Column Aug 18, 2010: The customer is only right when we say so

I WAS amused to see that a college professor and strict grammarian was chucked out of a New York branch of Starbucks for failing to use the correct terminology when ordering a bagel.

The bloody-minded academic, according to the New York Post, had already had her card marked for asking for big and small coffees, instead of vente and tall Americanos.

And when I say “card marked” I mean literally. The big chains have “anti-loyalty cards” they stamp every time you fail to order properly – nine stamps and they get your next order slightly wrong. So think on.

I will do the same when I open my own chain of Bovril shops. This will be a tremendous money spinner.
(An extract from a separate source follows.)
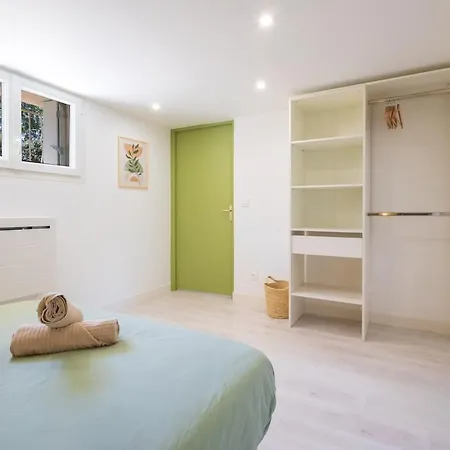 La Petite Escapade - Joli T2 Refait A Neuf * Poitiers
Cups will come in calf (huge), cow (gigantic) or bull (affects the tides).

There will be several concentrations of Bovril too, from Milky (“gnat’s wee” levels) to Strong (“Oh, my sweet Lord, get me a jar of Marmite to take away some of the salty taste”).

For added luxury, I will provide the option of floating condensed chicken soup on the top of the Bovril, à la cappuccino.

For even more luxury, customers will be able to have “sprinkles”, or bits of mince, as you would probably call it, on top of their chicken soup.

And for the most luxurious option, the capo di cappuccino, I will put a sausage in it.

I’m going to call it “moo!” with a lower case “m”.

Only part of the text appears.